[Scraped caption text data]
_ _ _

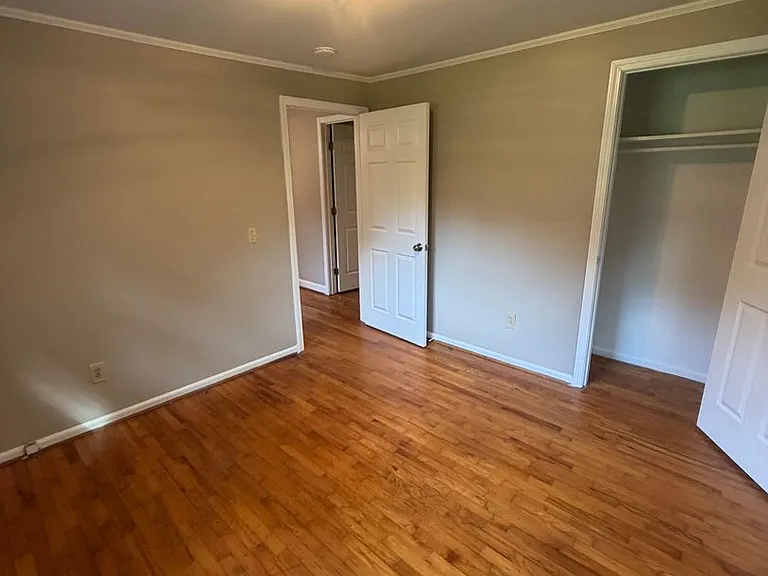632A Stallings Rd — Photo 8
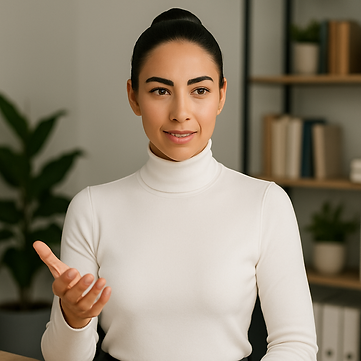 ChatGPT Image 19. Aug. 2025, 20_28_05.png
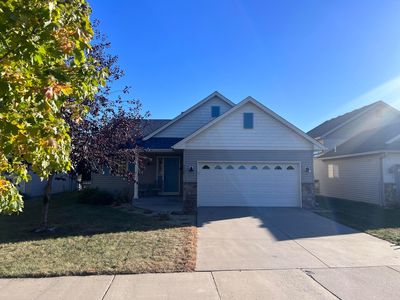 5548 Knollwood Dr, Saint Cloud, MN, 56303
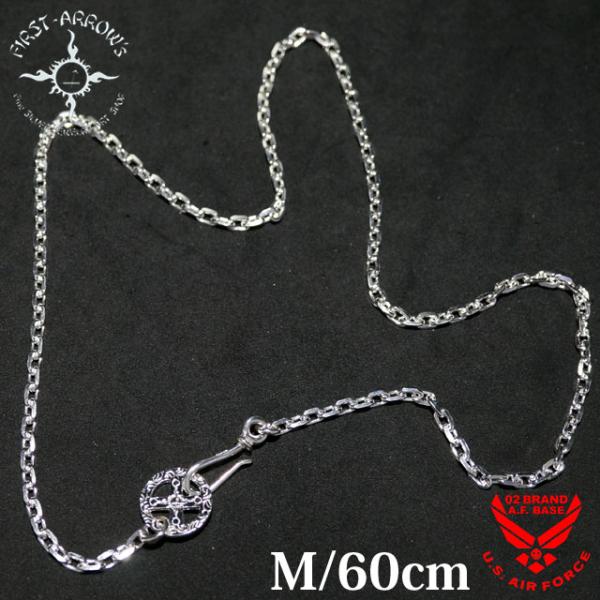 ファーストアローズ　４点 楽天市場】ポイント2倍!!ファーストアローズ メディスンホイール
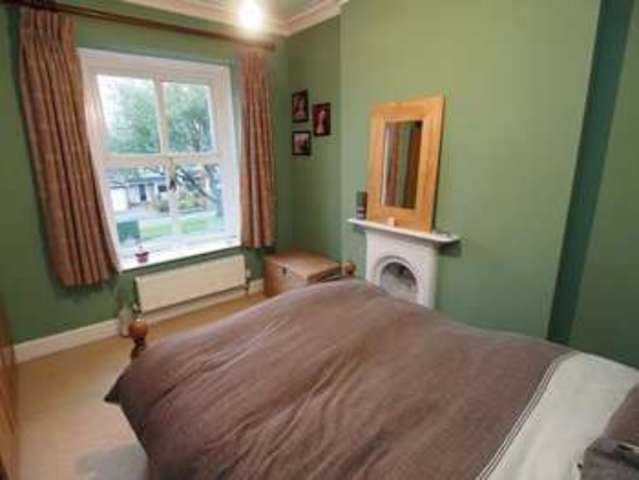  Image of 3 Bedroom Semi-Detached  For Sale at Chapel-en-le-Frith  High Peak, SK23 9TH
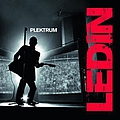 Tomas Ledin - Plektrum + Ledin Live 2006 альбом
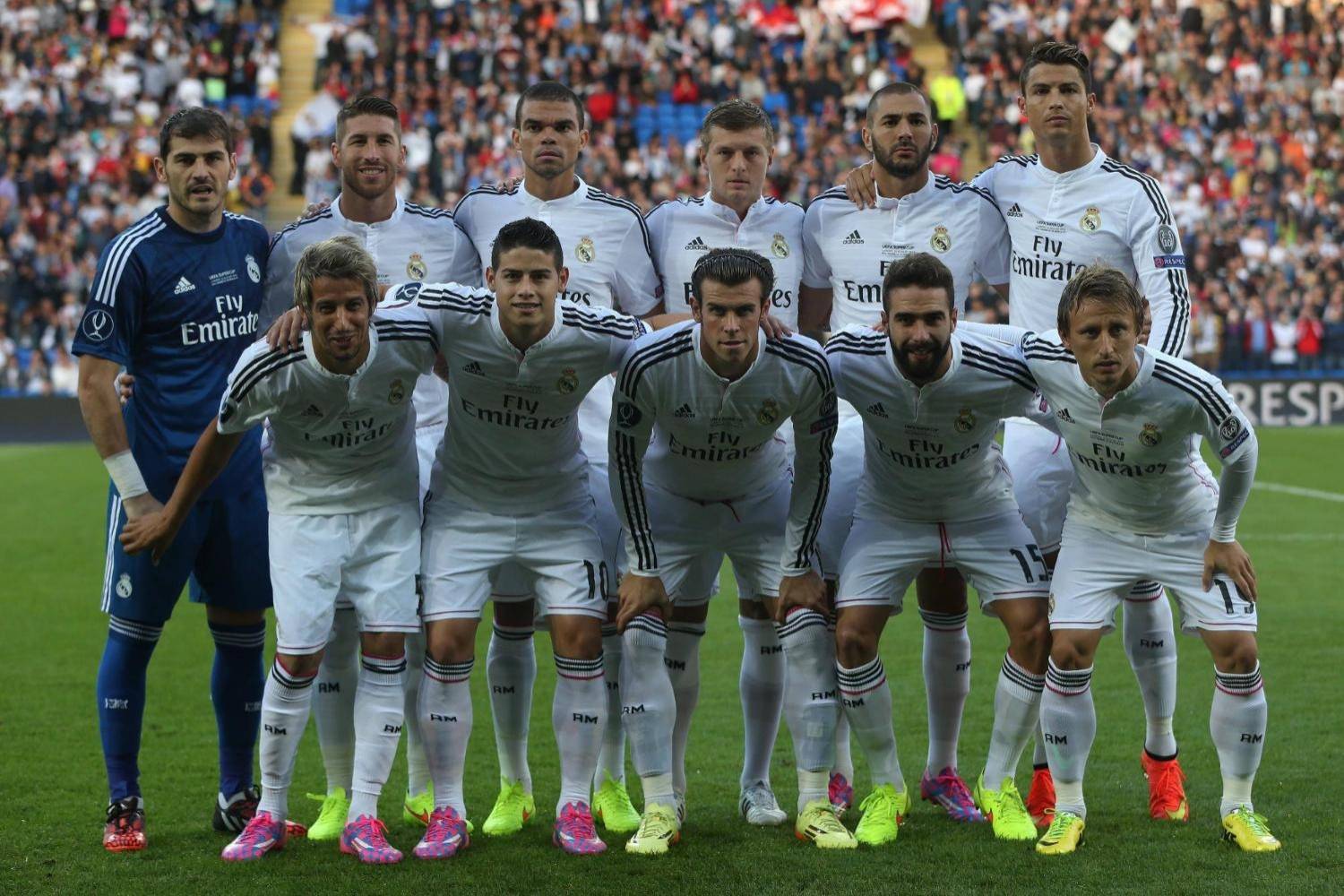 却以更高质 却以更高质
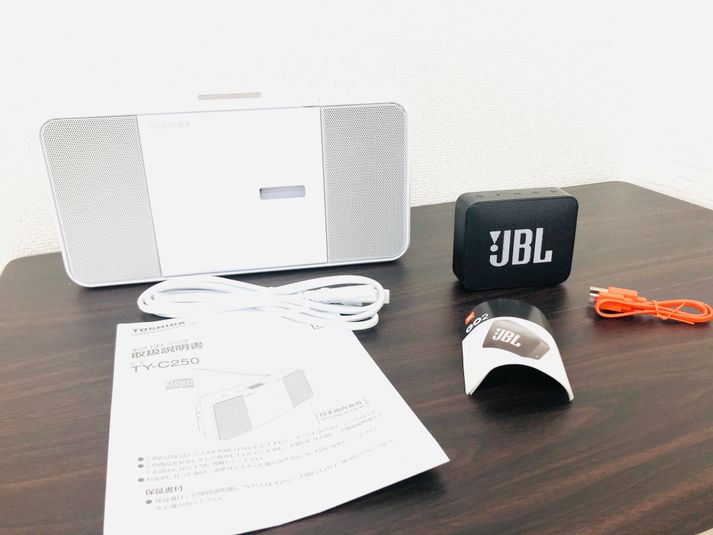 ◆Arts Studio◆栄 - ◆ArtsStudio◆栄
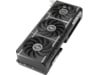Asus Prime Radeon RX 9060 XT OC Skjermkort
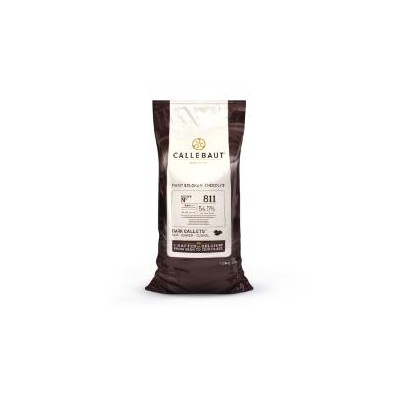 COBERTURA NEGRA 811NV 54.5%...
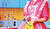 Hintergrund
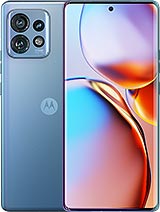Moto Edge 40 Pro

_ _ _

_Task objective_
Starting with the line that has "Asus Prime Radeon RX 9060 XT OC Skjermkort" and ending with the last line of the records, retype every line exactly and only those lines. Do not include the pictures.

_Response box_
Asus Prime Radeon RX 9060 XT OC Skjermkort
 COBERTURA NEGRA 811NV 54.5%...
 Hintergrund
Moto Edge 40 Pro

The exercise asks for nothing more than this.